[tip:sched/numa] sched: Implement home-node awareness

From: tip-bot for Peter Zijlstra
Date: Fri Sep 28 2012 - 04:00:51 EST


Commit-ID: fc2fbef0374693278a767a3d31ef18293e68f6be
Gitweb: http://git.kernel.org/tip/fc2fbef0374693278a767a3d31ef18293e68f6be
Author: Peter Zijlstra <a.p.zijlstra@xxxxxxxxx>
AuthorDate: Sat, 3 Mar 2012 16:56:25 +0100
Committer: Ingo Molnar <mingo@xxxxxxxxxx>
CommitDate: Thu, 27 Sep 2012 17:04:44 +0200

sched: Implement home-node awareness

Implement home node preference in the scheduler's load-balancer.
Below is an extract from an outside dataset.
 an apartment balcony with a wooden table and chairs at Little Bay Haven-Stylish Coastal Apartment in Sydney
This is done in four pieces:

- task_numa_hot(); make it harder to migrate tasks away from their
home-node, controlled using the NUMA_HOT feature flag.

- select_task_rq_fair(); prefer placing the task in their home-node,
controlled using the NUMA_BIAS feature flag.
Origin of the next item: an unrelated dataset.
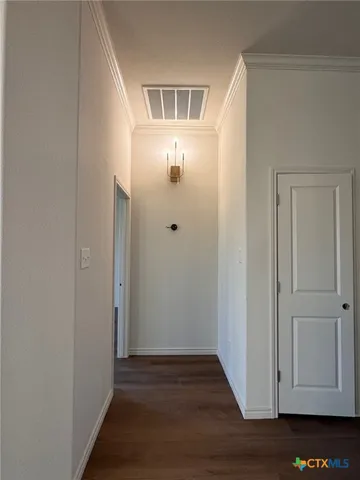 a view of an entryway with wooden floor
- load_balance(); during the regular pull load-balance pass, try
pulling tasks that are on the wrong node first with a preference
of moving them nearer to their home-node through task_numa_hot(),
controlled through the NUMA_PULL feature flag.

- load_balance(); when the balancer finds no imbalance, introduce
some such that it still prefers to move tasks towards their
home-node, using active load-balance if needed, controlled through
the NUMA_PULL_BIAS feature flag.

In order to easily find off-node tasks, split the per-cpu task list
into two parts.

Signed-off-by: Peter Zijlstra <a.p.zijlstra@xxxxxxxxx>
Cc: Paul Turner <pjt@xxxxxxxxxx>
Cc: Lee Schermerhorn <Lee.Schermerhorn@xxxxxx>
Cc: Christoph Lameter <cl@xxxxxxxxx>
Cc: Rik van Riel <riel@xxxxxxxxxx>
Cc: Andrew Morton <akpm@xxxxxxxxxxxxxxxxxxxx>
Cc: Linus Torvalds <torvalds@xxxxxxxxxxxxxxxxxxxx>
Link: http://lkml.kernel.org/n/tip-g0gzzzjrvrzxl6kgwnil1e97@xxxxxxxxxxxxxx
Signed-off-by: Ingo Molnar <mingo@xxxxxxxxxx>
---
include/linux/sched.h | 1 +
kernel/sched/core.c | 21 ++++-
kernel/sched/debug.c | 3 +
kernel/sched/fair.c | 248 +++++++++++++++++++++++++++++++++++++++++++++--
kernel/sched/features.h | 8 ++
kernel/sched/sched.h | 16 +++
6 files changed, 286 insertions(+), 11 deletions(-)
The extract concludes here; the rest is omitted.